In the entries below, find the line with "Mẹo tối ưu trải nghiệm với net88 Mẹo" and the line with "Send No Flowers (Paperback)". Reproduce those two lines and every line between them exactly, and nothing more.

# Records provided
========================================
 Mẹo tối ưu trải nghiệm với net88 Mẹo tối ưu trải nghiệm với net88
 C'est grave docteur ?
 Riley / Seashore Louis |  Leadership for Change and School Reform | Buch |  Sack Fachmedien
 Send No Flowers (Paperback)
========================================
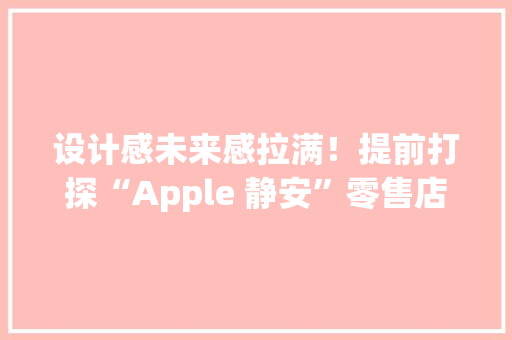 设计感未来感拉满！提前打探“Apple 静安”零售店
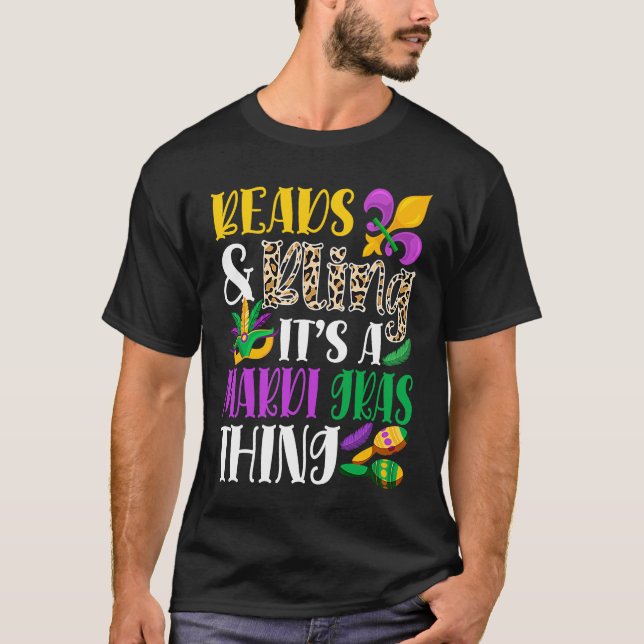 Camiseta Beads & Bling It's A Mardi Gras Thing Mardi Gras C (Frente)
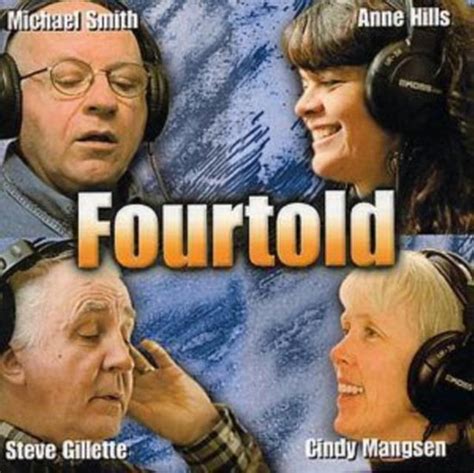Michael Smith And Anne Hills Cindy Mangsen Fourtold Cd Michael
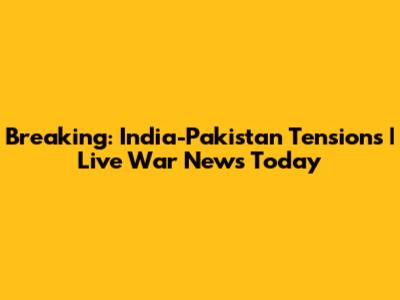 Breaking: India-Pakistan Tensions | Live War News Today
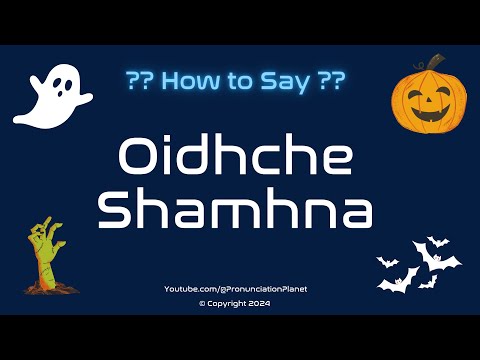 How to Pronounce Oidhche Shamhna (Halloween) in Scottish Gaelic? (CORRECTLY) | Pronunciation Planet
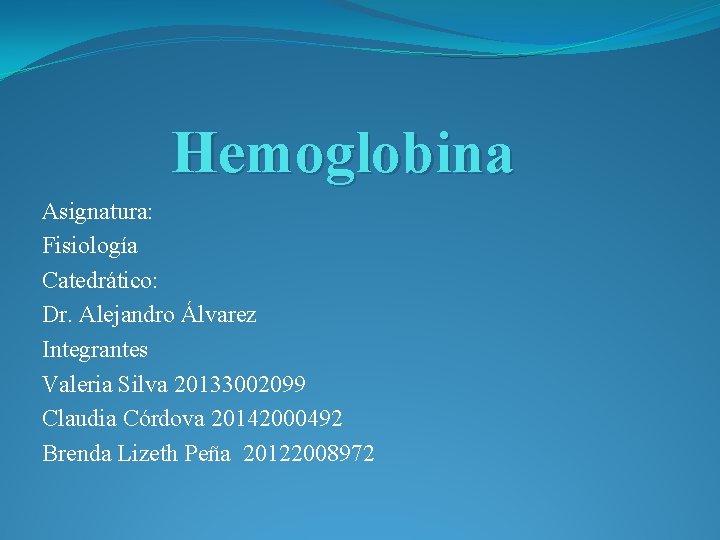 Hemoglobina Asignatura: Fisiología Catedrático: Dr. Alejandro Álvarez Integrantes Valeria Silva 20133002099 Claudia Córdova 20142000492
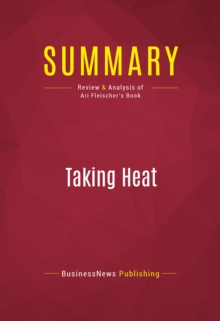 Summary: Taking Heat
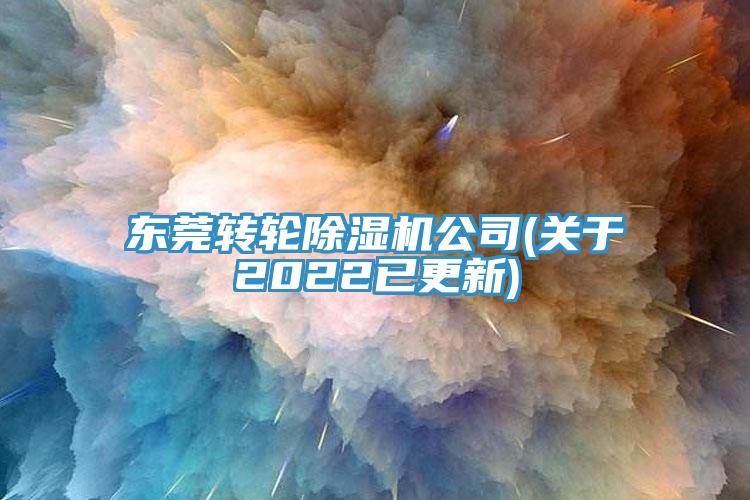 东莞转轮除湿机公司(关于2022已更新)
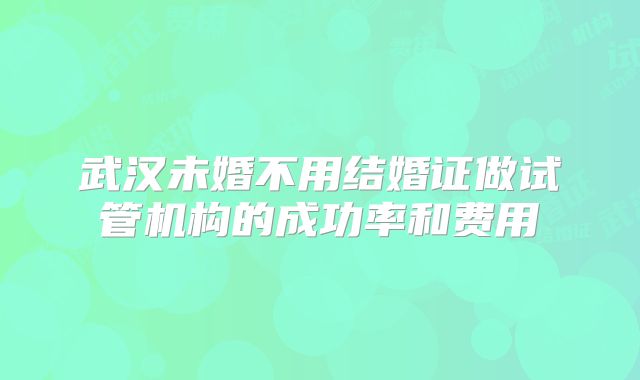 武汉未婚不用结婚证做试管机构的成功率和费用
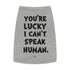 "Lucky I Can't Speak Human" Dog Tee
========================================
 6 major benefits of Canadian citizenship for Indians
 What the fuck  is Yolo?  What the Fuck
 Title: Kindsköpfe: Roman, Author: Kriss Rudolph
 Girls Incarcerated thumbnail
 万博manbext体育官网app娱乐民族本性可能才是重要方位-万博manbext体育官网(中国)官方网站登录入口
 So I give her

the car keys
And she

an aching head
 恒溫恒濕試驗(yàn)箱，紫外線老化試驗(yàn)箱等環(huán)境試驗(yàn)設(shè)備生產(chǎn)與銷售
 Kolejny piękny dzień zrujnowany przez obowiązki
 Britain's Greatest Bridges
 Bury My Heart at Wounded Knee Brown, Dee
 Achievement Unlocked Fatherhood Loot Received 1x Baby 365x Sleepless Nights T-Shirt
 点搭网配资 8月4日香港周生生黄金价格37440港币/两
========================================
# Solution
 Mẹo tối ưu trải nghiệm với net88 Mẹo tối ưu trải nghiệm với net88
 C'est grave docteur ?
 Riley / Seashore Louis |  Leadership for Change and School Reform | Buch |  Sack Fachmedien
 Send No Flowers (Paperback)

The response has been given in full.